I go out on a tinder date or maybe a guy approaches me and it’s like if a computer scan activates and in a couple of minutes I know if I’m interested or not based on how he writes/talks, overall appearance and interests. I can’t get rid of these filters and my brain tells me, why are you even bothering going on a second date? You know you’re not gonna like it. And I’m telling to myself that I have to try and stop judging so much after 1 date but unfortunately I’m always right and I have to find that speech were I tell them it’s not you, it’s me.

I have this pre-set idea that the guy has to be somehow smarter than me or someone that can stimulate my intelect but when I find someone like that, it doesn’t attract me physically and all I want to do is talk and I feel that it’s not right, especially for the guy. If it attracts me physically, I feel like I don’t have many things to talk about. I don’t want to keep putting them into friend zone.

I don’t know if I’m superficial, if I have unrealistic expectations (I have been in realtionships with guys that were both smart and handsome), if I’m focusing too much in finding a meaning in every interaction or what’s my problem but I don’t know what to do. I don’t think I’m better than others, I don’t think that someone needs to fight for me or my attention but I just can’t have the patience to go for more than max 2 dates because my brain it’s telling me that so far I didn’t met anyone for me. I’ve been avoiding men for so long that now I think even if someone right appears, I will run away because I wouldn’t know what to do.

4 comments
  1. Idk that’s why I’ve never done the tinder dating thing. It just feels too forced. I avoided the online thing and waited for a couple of years until I found someone in person that clicked and I’ve been with that person for over 4 years now. There’s just a different magic to relationships when it all happens naturally

  2. Is normal.

    You into good looking and smart guys.

    The reason why you dont get those that easily is….

    They rare.

  3. If you are well educated and also very attractive, it’s going to be hard in general to find others who are as attractive and smart as you are, no matter if you are looking for guys or girls. Even moreso if you are are looking for a guy who is smarter than you. You are by default looking for a top ~10% guy, depending on how attractive and smart you are. It’s not necessarily a bad thing, It’s just expected that you will not be attracted to 90% of guys who will proposition you, and if you have a good enough inkling to know which guys you would be into for the long haul and which are not then your computer scan is a good thing to not waste time. I would suggest though, that you dont simply look at people as being smart/not smart or attractive/unattractive. Try to get to really know someone in a good faith attempt when you are in dates, people are often smart in different ways and it might take a while to show.

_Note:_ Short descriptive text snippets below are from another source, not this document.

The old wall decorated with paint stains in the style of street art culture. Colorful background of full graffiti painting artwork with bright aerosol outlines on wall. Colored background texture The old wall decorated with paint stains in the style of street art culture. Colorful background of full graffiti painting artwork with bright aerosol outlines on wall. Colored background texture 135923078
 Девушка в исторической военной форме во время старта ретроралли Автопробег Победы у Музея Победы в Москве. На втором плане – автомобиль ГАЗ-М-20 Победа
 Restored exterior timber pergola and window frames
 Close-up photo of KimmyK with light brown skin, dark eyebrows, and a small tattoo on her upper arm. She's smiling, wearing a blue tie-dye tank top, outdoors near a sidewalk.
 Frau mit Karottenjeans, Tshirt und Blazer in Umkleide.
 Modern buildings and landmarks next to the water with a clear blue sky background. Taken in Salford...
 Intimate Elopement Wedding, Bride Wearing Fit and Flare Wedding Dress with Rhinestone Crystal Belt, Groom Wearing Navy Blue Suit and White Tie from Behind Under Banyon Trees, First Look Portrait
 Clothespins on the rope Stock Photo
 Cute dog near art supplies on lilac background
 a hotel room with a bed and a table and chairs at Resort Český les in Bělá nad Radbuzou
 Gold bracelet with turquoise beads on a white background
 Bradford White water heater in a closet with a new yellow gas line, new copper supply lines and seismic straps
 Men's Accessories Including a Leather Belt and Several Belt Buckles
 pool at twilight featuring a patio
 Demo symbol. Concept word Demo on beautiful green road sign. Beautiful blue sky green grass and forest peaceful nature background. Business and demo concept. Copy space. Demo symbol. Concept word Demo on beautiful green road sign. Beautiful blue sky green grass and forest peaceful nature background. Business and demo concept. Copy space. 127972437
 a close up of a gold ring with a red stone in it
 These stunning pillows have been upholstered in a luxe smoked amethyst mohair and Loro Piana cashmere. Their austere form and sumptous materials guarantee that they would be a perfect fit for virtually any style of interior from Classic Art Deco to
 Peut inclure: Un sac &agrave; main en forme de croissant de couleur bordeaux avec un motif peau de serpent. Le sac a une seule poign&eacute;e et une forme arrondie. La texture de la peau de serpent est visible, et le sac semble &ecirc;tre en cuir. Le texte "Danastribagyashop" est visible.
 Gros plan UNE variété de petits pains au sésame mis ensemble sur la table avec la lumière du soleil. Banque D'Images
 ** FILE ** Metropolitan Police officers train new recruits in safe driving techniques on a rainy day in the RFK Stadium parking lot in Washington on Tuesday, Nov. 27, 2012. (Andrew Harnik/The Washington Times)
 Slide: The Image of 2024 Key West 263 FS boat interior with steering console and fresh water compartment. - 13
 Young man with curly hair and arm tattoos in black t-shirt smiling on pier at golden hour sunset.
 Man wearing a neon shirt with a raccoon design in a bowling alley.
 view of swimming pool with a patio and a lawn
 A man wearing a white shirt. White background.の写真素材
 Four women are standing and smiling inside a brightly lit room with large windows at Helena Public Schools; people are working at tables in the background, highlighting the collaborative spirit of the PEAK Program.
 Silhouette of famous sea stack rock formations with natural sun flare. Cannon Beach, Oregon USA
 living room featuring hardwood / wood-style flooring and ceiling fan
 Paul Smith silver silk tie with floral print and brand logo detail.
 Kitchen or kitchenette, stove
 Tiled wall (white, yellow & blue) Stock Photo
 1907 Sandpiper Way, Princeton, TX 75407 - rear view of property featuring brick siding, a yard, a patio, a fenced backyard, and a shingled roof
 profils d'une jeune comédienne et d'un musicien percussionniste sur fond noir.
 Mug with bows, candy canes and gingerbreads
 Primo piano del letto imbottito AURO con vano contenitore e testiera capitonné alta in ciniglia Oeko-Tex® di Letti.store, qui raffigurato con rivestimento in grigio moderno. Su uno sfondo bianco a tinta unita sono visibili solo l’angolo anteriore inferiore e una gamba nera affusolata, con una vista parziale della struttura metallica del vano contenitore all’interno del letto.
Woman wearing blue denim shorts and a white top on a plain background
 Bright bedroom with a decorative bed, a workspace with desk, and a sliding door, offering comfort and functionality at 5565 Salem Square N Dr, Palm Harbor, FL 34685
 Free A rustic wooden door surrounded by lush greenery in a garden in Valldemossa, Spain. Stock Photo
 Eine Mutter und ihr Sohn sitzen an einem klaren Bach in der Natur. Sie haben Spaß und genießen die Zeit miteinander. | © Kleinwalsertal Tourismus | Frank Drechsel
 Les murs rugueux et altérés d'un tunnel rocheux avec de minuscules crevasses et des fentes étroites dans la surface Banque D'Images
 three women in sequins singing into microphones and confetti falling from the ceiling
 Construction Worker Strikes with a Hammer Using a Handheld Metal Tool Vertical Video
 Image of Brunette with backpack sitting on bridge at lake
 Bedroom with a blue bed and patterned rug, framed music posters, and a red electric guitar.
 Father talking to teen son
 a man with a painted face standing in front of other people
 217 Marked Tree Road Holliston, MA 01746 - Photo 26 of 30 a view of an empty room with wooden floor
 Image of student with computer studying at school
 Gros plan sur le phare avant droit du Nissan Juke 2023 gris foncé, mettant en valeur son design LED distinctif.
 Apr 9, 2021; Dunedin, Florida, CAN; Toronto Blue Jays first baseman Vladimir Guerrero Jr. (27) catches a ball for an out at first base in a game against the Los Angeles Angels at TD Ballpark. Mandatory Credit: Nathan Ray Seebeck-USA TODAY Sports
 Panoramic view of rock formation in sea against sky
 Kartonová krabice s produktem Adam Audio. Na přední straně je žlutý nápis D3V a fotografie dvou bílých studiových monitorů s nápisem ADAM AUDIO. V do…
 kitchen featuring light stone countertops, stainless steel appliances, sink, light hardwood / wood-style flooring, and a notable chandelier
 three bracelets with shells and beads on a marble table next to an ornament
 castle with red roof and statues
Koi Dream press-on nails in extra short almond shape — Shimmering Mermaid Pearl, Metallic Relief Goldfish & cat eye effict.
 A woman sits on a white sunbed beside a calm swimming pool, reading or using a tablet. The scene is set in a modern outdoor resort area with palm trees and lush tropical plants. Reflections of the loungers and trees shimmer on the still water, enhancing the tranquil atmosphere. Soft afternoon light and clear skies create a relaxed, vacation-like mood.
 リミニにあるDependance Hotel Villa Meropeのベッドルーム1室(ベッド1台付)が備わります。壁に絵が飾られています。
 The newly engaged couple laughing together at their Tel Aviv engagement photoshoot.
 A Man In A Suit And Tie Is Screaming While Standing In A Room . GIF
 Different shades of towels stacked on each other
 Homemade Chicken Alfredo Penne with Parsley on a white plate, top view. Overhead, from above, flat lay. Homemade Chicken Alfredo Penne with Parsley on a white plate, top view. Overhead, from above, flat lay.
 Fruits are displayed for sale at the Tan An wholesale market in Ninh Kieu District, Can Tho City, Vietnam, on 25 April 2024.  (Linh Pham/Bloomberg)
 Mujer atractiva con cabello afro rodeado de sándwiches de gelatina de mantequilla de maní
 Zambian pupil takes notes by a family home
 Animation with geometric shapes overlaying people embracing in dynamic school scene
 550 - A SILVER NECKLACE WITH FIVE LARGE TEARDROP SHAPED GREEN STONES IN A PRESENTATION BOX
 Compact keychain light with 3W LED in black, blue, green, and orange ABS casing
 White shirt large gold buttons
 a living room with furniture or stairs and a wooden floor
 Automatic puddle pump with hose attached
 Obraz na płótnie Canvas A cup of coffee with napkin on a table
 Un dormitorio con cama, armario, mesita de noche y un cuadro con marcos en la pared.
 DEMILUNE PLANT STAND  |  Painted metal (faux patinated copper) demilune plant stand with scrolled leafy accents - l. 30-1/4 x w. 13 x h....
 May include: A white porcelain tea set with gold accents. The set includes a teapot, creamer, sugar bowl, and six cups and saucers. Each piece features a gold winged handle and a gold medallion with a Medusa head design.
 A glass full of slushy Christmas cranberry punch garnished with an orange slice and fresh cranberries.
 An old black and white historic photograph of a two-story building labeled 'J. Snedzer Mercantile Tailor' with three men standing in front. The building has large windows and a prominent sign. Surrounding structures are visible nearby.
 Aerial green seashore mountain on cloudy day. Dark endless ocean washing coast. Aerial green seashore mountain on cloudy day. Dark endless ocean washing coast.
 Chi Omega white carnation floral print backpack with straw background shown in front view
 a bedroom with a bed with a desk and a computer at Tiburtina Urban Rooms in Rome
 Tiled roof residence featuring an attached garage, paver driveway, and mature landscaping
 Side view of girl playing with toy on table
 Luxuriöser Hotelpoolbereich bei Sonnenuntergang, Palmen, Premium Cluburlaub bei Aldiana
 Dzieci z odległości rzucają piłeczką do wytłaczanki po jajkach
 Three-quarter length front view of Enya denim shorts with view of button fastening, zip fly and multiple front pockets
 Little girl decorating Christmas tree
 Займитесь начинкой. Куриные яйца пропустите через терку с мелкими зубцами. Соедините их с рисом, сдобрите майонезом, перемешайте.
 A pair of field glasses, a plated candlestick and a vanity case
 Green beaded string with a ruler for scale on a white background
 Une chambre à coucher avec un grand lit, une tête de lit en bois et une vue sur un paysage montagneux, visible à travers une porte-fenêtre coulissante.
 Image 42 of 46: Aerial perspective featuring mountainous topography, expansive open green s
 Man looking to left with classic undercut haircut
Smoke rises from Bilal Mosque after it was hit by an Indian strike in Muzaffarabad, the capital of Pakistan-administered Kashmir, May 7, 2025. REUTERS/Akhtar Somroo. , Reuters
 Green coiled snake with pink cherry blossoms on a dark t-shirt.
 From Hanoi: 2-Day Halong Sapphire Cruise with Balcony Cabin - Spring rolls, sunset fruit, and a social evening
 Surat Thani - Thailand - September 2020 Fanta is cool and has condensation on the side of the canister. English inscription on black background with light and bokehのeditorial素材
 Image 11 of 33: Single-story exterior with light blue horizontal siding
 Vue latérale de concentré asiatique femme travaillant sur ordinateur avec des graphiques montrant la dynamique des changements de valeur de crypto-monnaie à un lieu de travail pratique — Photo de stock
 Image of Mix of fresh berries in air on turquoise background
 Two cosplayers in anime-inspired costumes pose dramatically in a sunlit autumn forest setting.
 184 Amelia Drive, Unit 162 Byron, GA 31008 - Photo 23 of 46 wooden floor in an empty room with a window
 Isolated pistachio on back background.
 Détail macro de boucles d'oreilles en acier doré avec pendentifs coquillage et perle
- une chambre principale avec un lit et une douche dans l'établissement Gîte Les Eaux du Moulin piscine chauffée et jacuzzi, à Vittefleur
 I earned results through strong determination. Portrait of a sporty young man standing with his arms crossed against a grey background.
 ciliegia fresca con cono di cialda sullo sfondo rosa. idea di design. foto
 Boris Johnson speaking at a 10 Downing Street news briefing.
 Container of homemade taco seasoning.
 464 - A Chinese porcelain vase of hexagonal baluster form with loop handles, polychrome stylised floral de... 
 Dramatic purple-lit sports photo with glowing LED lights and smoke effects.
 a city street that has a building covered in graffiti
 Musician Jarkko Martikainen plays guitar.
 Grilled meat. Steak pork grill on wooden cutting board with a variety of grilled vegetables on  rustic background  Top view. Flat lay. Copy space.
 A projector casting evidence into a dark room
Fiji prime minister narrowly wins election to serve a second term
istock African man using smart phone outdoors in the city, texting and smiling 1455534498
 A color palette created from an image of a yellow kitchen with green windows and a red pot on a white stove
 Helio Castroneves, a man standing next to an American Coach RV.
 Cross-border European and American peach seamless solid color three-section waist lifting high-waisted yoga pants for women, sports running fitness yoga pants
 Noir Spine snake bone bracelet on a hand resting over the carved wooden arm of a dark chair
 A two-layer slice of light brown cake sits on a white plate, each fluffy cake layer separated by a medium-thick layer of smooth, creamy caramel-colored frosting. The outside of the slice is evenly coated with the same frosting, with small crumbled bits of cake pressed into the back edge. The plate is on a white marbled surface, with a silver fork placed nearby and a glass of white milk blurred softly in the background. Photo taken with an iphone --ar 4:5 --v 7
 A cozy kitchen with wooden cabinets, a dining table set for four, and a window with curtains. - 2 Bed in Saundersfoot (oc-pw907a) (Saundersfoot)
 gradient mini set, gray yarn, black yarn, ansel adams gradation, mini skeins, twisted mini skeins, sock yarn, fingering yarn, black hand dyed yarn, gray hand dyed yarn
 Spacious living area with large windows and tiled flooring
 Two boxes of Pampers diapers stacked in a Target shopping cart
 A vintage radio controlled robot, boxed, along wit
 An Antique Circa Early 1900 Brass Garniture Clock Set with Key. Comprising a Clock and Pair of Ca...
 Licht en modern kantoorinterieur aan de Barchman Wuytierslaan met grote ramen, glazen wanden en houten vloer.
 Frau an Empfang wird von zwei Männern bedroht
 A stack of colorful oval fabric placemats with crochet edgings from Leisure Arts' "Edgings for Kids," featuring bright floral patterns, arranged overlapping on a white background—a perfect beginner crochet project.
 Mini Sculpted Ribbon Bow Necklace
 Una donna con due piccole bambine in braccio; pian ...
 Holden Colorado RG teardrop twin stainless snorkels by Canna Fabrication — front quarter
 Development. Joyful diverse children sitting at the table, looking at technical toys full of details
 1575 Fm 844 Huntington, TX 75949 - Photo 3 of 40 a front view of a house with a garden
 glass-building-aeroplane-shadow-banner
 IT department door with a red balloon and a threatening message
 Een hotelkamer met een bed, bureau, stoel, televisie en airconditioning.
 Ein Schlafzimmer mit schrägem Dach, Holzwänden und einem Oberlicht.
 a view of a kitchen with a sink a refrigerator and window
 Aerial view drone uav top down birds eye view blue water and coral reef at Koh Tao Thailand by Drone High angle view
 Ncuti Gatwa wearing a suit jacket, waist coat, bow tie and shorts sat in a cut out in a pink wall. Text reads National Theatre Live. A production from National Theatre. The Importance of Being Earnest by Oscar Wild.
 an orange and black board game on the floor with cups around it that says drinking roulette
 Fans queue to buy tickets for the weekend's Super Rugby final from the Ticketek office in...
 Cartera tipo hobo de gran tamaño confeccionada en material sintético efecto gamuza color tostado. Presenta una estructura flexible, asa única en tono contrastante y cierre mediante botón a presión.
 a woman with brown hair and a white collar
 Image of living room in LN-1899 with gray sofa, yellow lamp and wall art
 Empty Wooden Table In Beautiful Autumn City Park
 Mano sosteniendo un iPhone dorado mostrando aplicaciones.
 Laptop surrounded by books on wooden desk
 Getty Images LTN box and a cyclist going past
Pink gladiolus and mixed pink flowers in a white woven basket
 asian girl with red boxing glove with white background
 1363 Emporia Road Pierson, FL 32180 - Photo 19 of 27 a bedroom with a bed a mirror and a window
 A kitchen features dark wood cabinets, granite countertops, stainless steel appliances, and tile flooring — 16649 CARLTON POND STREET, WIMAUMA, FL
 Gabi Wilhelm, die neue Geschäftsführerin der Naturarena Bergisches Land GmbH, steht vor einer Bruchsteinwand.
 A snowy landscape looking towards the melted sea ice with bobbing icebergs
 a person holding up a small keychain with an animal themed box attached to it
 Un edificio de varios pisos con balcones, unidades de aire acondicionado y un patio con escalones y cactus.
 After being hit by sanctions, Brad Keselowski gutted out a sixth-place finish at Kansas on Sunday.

  4. May I ask you what you define as smart or intellectual? Is it just a degree or more? The reason I ask this is because I myself and some of my friends have this problem in being ignored in dating because of it. Not very high educated. But smart through our experiences in life, job, and practicality. One of my friends can pick apart pretty much any machine, understand how it works, and put it back together. Something I consider pretty smart because few people nowadays can do so. But still he is a mechanic without much other education. Other life experiences aswell. Would you consider this smart and be open to dating such a person? I would like to understand this topic more.